#### [What is required]
Based on the entries below, how many lines contain the word "needs"? Respond with only the number.
[Opening Given records section]
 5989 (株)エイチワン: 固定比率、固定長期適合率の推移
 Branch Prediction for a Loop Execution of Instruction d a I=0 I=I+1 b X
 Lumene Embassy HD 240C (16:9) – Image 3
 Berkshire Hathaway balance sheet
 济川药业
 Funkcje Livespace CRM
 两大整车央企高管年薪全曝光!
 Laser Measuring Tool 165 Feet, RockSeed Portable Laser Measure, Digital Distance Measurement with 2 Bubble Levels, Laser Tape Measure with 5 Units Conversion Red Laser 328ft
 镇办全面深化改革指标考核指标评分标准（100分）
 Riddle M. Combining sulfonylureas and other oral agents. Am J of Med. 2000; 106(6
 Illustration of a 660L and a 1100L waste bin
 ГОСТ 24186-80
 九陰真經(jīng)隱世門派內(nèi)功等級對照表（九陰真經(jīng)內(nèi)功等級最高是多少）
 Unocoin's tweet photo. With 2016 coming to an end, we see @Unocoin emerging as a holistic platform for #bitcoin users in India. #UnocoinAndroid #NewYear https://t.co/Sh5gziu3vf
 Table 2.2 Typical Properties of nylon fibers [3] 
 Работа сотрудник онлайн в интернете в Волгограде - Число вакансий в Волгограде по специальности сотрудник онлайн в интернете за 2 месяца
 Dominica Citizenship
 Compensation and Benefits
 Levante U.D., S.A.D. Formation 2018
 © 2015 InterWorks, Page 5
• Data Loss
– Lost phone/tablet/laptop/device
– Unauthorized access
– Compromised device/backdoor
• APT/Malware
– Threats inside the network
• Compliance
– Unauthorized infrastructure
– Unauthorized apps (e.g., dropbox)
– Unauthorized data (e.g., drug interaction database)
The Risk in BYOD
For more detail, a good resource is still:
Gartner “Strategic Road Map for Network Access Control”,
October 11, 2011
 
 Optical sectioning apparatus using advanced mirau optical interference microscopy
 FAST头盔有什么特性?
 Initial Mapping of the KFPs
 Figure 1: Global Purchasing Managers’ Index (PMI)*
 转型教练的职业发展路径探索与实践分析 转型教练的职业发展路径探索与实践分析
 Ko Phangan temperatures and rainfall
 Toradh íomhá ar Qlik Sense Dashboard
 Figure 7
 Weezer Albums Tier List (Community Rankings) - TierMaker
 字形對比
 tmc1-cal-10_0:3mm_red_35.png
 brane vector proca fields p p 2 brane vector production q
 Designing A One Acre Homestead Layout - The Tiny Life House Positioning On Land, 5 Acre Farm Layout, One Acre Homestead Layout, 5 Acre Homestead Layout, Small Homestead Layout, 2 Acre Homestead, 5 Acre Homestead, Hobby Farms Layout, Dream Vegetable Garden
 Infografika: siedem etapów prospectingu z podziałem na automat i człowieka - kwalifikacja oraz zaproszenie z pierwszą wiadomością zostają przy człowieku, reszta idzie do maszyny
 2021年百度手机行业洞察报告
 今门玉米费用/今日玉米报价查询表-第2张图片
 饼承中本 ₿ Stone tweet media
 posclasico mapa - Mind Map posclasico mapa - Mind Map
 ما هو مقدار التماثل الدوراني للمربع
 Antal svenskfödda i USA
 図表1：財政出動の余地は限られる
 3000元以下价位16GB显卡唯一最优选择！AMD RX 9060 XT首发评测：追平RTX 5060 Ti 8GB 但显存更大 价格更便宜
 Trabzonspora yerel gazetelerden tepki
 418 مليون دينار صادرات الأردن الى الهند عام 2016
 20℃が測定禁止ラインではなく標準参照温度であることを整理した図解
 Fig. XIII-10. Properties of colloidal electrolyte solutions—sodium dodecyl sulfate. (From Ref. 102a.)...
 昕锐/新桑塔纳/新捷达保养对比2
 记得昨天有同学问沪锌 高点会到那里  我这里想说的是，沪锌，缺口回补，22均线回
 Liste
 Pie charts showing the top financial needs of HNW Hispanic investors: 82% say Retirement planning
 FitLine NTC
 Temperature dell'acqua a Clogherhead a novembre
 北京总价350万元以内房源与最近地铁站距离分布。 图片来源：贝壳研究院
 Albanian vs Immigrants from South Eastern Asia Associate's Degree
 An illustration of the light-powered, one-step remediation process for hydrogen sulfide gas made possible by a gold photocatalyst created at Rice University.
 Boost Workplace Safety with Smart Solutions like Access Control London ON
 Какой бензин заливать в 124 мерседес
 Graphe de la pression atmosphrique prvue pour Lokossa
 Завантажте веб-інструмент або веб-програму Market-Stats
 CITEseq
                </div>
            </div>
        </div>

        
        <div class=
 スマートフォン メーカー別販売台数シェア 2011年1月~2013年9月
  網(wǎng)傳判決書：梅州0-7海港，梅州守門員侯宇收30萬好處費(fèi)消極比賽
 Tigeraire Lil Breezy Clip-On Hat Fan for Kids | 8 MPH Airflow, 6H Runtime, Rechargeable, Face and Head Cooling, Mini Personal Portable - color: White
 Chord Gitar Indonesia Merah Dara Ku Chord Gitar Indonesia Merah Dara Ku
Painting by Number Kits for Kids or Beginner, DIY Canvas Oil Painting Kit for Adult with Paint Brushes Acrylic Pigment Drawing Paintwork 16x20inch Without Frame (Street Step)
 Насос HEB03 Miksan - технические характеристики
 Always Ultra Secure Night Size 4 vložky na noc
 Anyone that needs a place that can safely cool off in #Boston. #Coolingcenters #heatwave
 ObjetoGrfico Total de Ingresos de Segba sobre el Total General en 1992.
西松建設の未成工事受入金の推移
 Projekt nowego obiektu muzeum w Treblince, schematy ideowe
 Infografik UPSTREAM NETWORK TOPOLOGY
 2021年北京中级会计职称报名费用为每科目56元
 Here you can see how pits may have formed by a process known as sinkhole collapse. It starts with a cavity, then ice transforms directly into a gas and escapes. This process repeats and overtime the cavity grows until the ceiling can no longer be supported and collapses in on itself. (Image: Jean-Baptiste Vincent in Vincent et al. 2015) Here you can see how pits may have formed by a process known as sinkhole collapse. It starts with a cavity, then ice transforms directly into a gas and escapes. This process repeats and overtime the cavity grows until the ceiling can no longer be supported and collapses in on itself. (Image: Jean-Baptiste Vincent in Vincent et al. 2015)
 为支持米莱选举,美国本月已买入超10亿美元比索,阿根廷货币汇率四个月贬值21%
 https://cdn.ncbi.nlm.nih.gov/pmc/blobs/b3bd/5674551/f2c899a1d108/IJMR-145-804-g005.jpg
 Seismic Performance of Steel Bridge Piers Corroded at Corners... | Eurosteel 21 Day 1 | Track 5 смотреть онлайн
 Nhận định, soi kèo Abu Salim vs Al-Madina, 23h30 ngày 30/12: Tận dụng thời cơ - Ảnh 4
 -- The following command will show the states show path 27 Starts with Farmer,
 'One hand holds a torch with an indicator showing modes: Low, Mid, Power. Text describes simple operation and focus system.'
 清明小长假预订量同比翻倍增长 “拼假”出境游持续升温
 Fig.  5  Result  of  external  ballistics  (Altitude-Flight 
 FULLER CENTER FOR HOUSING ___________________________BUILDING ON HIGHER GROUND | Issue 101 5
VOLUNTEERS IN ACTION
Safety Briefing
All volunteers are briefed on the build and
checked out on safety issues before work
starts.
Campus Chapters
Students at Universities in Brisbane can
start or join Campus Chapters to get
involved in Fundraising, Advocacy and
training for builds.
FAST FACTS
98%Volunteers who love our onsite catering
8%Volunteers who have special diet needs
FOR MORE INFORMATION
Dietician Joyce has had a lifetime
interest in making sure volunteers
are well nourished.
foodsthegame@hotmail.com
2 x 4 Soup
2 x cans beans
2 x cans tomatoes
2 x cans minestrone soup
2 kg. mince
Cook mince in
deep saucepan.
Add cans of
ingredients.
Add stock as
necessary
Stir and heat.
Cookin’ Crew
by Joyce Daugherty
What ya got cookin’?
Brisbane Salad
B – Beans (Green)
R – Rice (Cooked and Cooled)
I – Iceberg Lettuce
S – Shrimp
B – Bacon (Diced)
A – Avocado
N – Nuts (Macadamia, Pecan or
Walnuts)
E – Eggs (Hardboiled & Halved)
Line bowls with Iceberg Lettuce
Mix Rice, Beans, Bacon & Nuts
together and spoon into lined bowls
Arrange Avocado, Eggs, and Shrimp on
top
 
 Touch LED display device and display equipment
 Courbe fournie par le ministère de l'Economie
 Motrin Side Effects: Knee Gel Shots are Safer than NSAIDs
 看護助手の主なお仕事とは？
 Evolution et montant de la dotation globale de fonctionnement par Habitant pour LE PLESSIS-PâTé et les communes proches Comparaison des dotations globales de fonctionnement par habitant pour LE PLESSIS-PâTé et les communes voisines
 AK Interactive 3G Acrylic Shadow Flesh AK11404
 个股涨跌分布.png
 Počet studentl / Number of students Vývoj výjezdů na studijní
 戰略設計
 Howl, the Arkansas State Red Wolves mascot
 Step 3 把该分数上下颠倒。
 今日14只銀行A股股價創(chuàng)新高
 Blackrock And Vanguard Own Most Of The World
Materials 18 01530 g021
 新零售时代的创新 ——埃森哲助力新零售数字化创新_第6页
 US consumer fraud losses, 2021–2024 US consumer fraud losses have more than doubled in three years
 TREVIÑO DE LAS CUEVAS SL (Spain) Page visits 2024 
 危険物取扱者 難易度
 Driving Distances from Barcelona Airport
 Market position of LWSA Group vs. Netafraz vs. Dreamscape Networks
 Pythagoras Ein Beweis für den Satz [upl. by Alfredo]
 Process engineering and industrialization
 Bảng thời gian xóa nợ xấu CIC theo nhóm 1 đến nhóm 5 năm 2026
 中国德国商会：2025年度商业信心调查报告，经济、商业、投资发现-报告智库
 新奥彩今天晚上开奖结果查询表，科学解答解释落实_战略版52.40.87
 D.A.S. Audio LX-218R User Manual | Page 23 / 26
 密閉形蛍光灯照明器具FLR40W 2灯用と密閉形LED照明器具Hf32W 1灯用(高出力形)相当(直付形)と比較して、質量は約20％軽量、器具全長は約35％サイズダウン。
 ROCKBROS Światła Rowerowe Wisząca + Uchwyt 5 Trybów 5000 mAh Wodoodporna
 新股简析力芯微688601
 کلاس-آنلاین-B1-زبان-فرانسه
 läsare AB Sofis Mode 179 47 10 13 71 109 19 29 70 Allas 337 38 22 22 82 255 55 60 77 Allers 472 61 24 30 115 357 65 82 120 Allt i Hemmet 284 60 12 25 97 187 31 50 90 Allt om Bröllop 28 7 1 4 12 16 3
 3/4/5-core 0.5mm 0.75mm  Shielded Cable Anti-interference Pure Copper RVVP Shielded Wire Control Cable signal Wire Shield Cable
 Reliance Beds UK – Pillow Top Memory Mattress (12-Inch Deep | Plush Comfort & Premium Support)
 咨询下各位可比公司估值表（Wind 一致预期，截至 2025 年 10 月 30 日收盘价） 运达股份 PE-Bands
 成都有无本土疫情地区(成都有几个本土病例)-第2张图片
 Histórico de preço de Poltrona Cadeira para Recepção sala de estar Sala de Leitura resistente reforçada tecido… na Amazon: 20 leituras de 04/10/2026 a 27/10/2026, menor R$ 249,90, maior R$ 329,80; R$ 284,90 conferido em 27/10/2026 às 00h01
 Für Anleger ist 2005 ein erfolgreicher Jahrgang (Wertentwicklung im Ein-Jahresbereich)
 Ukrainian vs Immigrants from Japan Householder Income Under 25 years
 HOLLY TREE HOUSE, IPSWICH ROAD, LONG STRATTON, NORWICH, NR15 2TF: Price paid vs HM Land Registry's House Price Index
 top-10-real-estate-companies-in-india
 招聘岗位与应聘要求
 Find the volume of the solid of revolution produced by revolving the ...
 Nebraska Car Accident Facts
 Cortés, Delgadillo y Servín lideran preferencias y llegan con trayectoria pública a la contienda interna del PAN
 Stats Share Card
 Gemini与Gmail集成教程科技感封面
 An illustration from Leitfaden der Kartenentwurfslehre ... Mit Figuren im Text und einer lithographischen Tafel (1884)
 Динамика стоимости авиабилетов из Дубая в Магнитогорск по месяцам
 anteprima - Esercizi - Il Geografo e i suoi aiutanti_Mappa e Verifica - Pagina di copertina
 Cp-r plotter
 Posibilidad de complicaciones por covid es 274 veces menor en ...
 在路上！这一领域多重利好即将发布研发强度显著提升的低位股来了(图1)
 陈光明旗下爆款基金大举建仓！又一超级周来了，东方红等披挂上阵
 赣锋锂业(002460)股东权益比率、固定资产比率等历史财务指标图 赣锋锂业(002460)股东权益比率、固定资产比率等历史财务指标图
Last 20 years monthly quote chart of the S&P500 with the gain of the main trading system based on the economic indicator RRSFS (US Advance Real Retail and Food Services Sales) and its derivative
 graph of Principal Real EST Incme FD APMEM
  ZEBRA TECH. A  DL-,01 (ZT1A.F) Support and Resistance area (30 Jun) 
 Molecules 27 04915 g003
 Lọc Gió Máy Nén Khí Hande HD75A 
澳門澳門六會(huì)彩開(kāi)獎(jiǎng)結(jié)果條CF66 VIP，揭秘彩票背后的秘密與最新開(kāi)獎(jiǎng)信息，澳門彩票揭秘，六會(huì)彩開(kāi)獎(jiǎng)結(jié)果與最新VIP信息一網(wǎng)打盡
[Closing Given records section]
#### [Task response]
3